** Required work **
From the first line to the last, set down the material exactly, leaving out its pictures.

** Dataset excerpt **
---
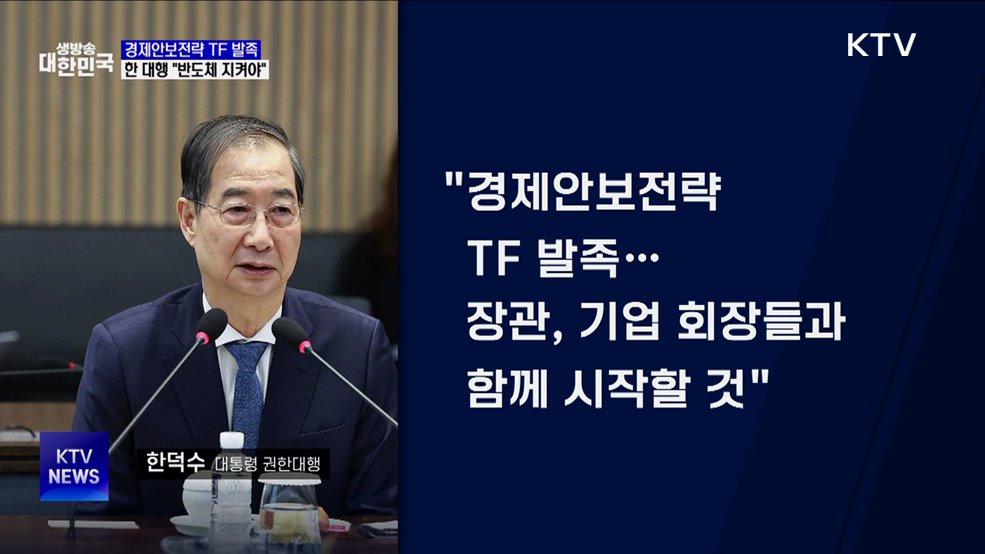 한 대행 "반도체 산업 지켜야···경제안보전략 TF 발족"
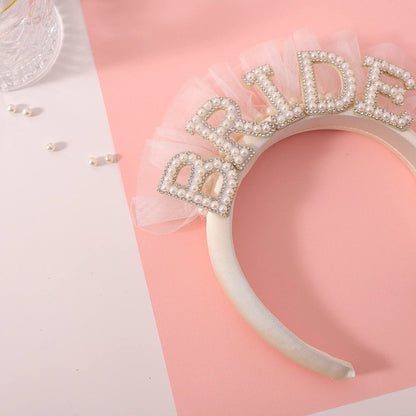 Elegant Pearl Veil Bride Headband - White Satin Hairband with 'BRIDE' Decor & Rhinestones for Bachelorette Party Avelisse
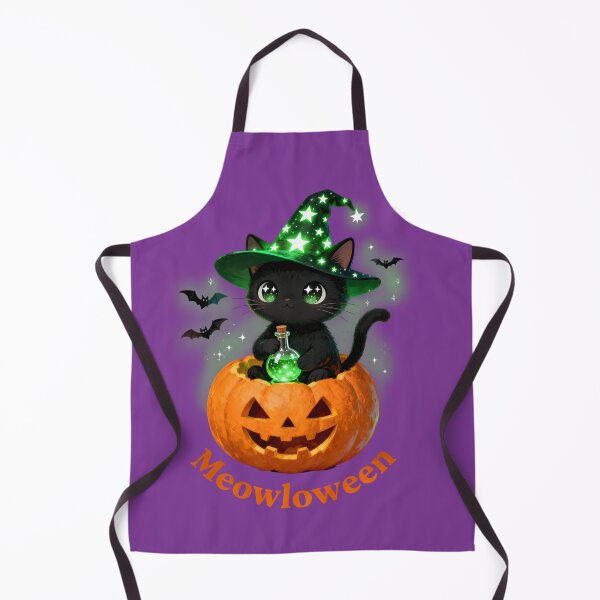 Item preview, Meowloween black cat with magic potion designed and sold by SweetLilith.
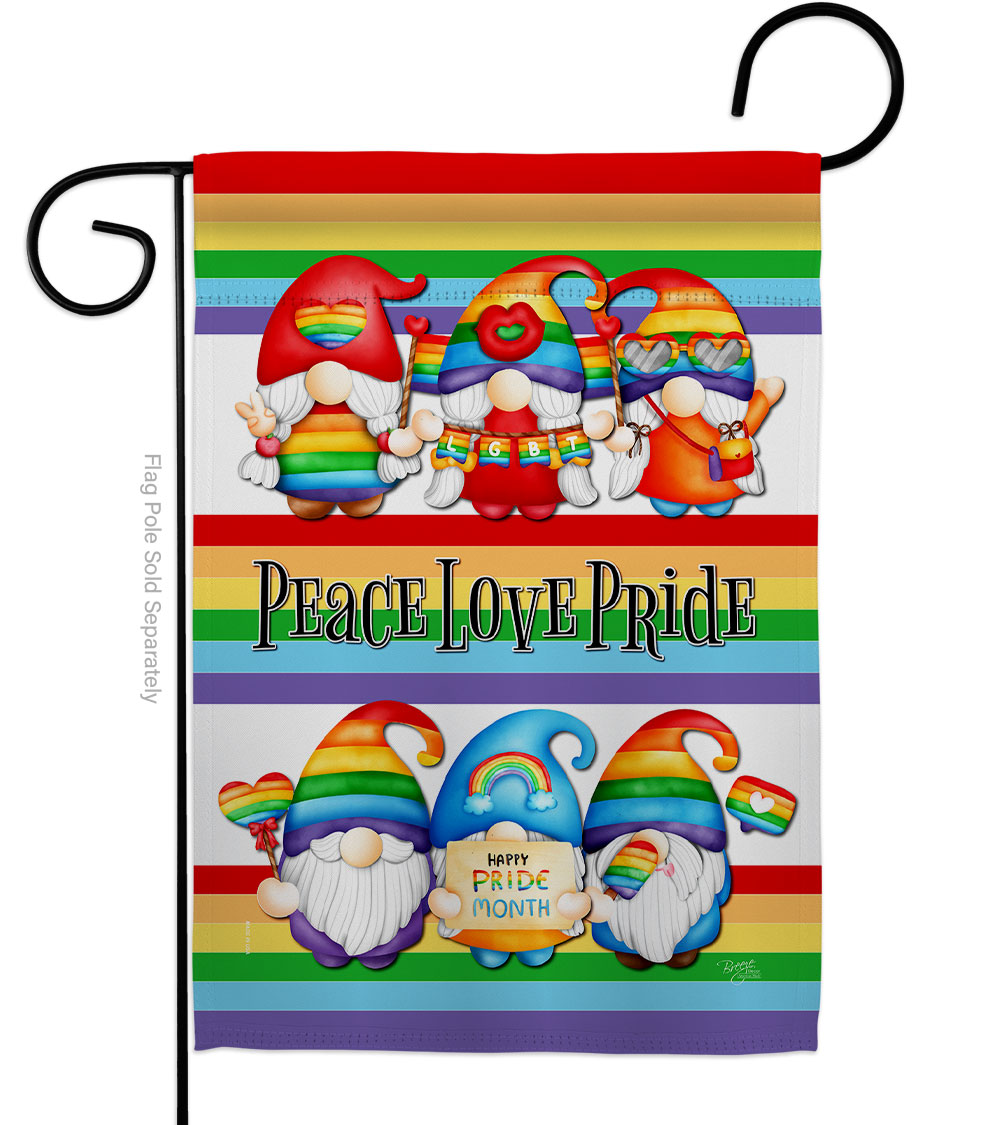 G154165-BO Peace Pride Gnome Support 13 x 18.5 in. Double-Sided Decorative Vertical Garden Flags for House Decoration Banner Yard Gift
---
** Answer to this exercise **
 한 대행 "반도체 산업 지켜야···경제안보전략 TF 발족"
 Elegant Pearl Veil Bride Headband - White Satin Hairband with 'BRIDE' Decor & Rhinestones for Bachelorette Party Avelisse
 Item preview, Meowloween black cat with magic potion designed and sold by SweetLilith.
 G154165-BO Peace Pride Gnome Support 13 x 18.5 in. Double-Sided Decorative Vertical Garden Flags for House Decoration Banner Yard Gift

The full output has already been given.